The use of vehicles with increased fuel efficiency is usually considered positive in the short term but criticism of any hydrocarbon-based personal transport remains. The Jevons paradox suggests that energy efficiency programs are often counter-productive, even increasing energy consumption in the long run. Many environmental researchers believe that sustainable transport may require a move away from hydrocarbon fuels and from our present automobile and highway paradigm.
National and international promotion
The European Union is promoting the marketing of greener cars via a combination of binding and non-binding measures. As of April 2010, 15 of the 27 member states of the European Union provide tax incentives for electrically chargeable vehicles and some alternative fuel vehicles, which includes all Western European countries except Italy and Luxembourg, plus the Czech Republic and Romania. The incentives consist of tax reductions and exemptions, as well as of bonus payments for buyers of electric cars, plug-in hybrids, hybrid electric vehicles and natural gas vehicles.
The United States Environmental Protection Agency (EPA) is promoting the marketing of greener cars via the SmartWay program. The SmartWay and SmartWay Elite designation mean that a vehicle is a better environmental performer relative to other vehicles. This US EPA designation is arrived at by taking into account a vehicle’s Air Pollution Score and Greenhouse Gas Score. Higher Air Pollution Scores indicate vehicles that emit lower amounts of pollutants that cause smog relative to other vehicles. Higher Greenhouse Gas Scores indicate vehicles that emit lower amounts of carbon dioxide and have improved fuel economy relative to other vehicles.
To earn the SmartWay designation, a vehicle must earn at least a 6 on the Air Pollution Score and at least a 6 on the Greenhouse Gas Score, but have a combined score of at least 13. SmartWay Elite is given to those vehicles that score 9 or better on both the Greenhouse Gas and Air Pollution Scores.

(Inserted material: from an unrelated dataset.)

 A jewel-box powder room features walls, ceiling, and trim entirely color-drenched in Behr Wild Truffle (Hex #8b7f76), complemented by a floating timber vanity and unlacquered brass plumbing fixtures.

A Green Vehicle Marketing Alliance, in conjunction with the Oak Ridge National Laboratory (ONRL), periodically meets, and coordinates marketing efforts.
Progressive Insurance Automotive X Prize
The Progressive Insurance Automotive X PRIZE (PIAXP) is a set of competitions, programs and events, from the X PRIZE Foundation to “inspire a new generation of super-efficient vehicles that help break America’s addiction to oil and stem the effects of climate change.” Progressive Insurance is the title sponsor of the prize, the centerpiece of which is the Competition Division, within which a $10 million purse will be divided between the winners of three competitions.

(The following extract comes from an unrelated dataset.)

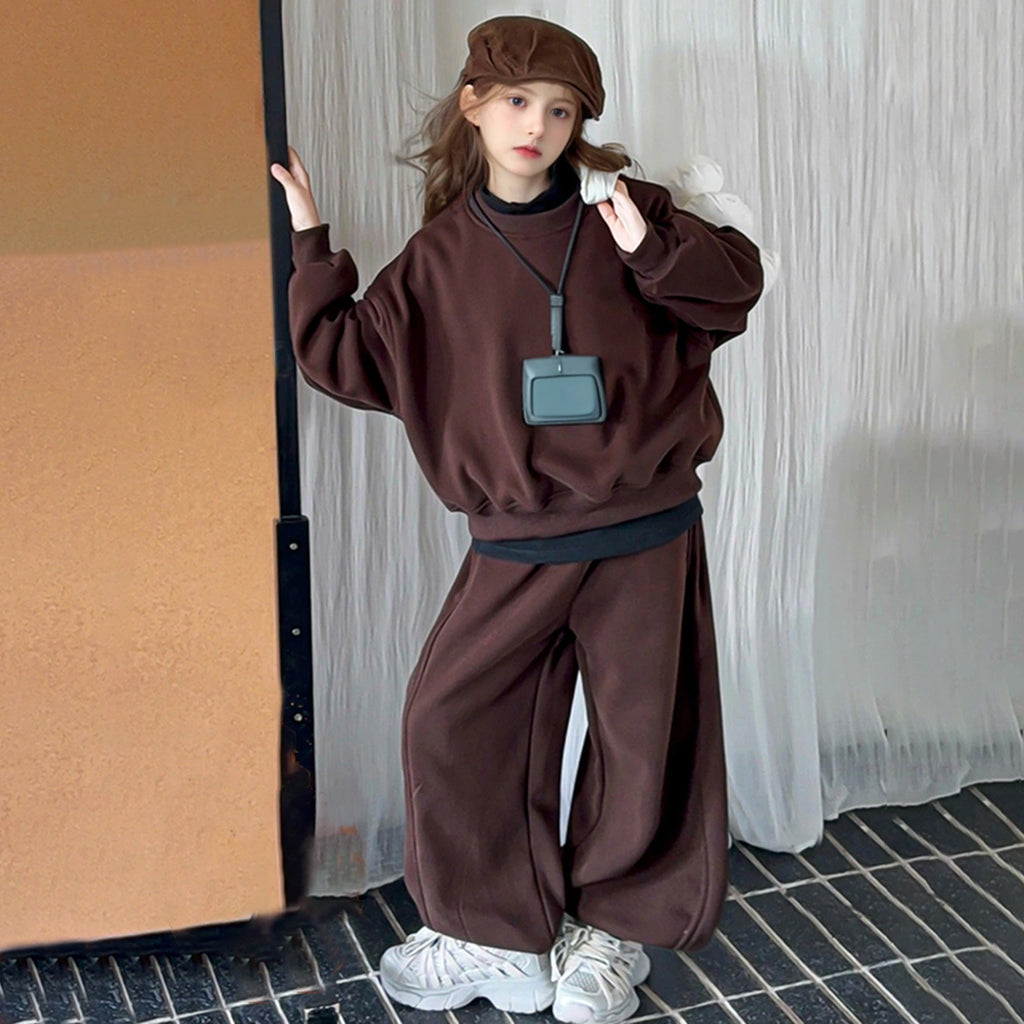 Girls Dark Brown Oversized Sweatshirt With Wide Leg Pants Co-ord Sets Sets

The essence of each competition is to design, build and race super-efficient vehicles that will achieve 100 MPGe (2.35 liter/100 kilometer) and can be produced for the mass market. Within the Competition Division, there are two vehicle classes: Mainstream and Alternative. The mainstream class has a prize of $5 million. The alternate class has 2 separate prizes of $2.5 million, one for side-by-side seating and one for tandem seating.
Some of the competitors, such as Aptera and Tesla, are already taking deposits for ‘green’ vehicles from customers.